The case involves the controversial 142 billion shillings compensation Basajjabalaba received from the government for losing tenders to manage markets in the former Kampala City Council.

Legal Brains Trust, a non-profit organization represented by Isaac Ssemakadde, is demanding a refund of the compensation, alleging Basajjabalaba used government officials, the Bank of Uganda, and four commercial banks to facilitate the misappropriation of funds from the consolidated fund.

During the Supreme Court session on Friday, presided over by Chief Justice Alfonse Owiny-Dollo, Ssemakadde sought to make several amendments to his cross-appeal to ensure a proper determination of the case.

These amendments included replacing the late Professor Mutebile Tumusiime, the former Governor of the Bank of Uganda, with the administrators of his estate, updating the names of banks that have since changed, and introducing two additional grounds for the appeal.

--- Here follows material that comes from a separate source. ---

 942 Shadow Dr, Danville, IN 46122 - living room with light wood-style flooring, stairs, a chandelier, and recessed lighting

Ssemakadde argues that the Constitutional Court’s decision failed to address key issues, including the unauthorized grants from the consolidated fund and the role of the banks in the alleged fraud. He insists that the banks solicited and received unauthorized funds and have unlawfully refused to return the money.

Lawyers for Basajjabalaba and other respondents argued that the case against Mutebile should be dismissed as he is deceased and that the amendments would prejudice the banks and other respondents. They also claimed that Ssemakadde introduced new grounds long after the pleadings were closed in 2022.

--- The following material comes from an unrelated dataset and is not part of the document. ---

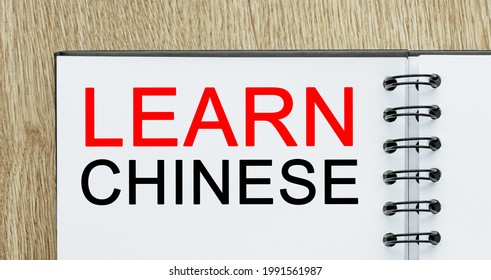 Notepad with text Learn Chinese on wooden deskt. study and education concept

After hearing the submissions, Chief Justice Owiny-Dollo promised to inform the parties of the court’s decision on the amendments before proceeding with the main appeal.

The case dates back to 2010-2011 when Basajjabalaba, using guarantees from the Central Bank, obtained USD 65 million (Shs 238 billion) from commercial banks but failed to repay the loan.

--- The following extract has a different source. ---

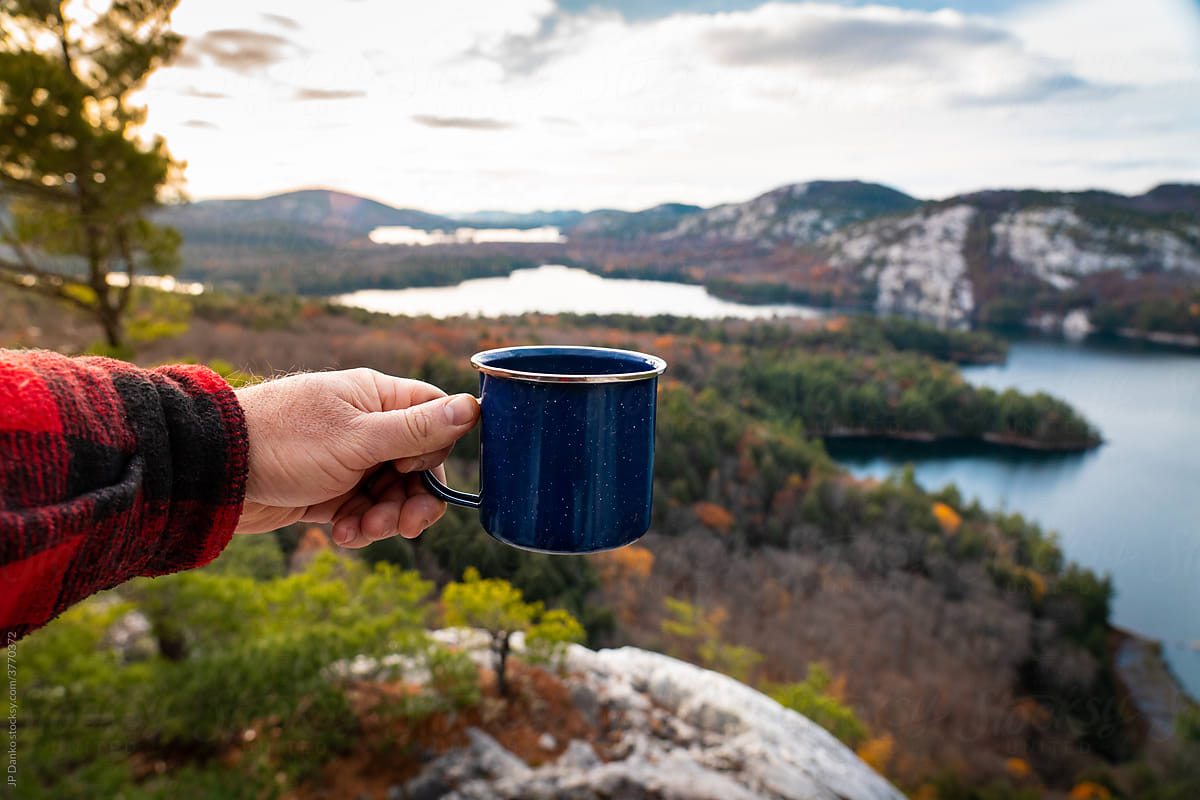 Man Holding Tin Coffee Mug at Mountain Outlook with Forest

The compensation was allegedly for losses incurred due to the cancellation of contracts with the defunct Kampala City Council. Legal Brains Trust contends that the compensation process was fraudulent and has called for a refund.

In 2020, the Constitutional Court partly ruled in favour of Legal Brains Trust, declaring the transactions illegal and ordering Basajjabalaba to refund the money. However, both parties have since appealed the decision.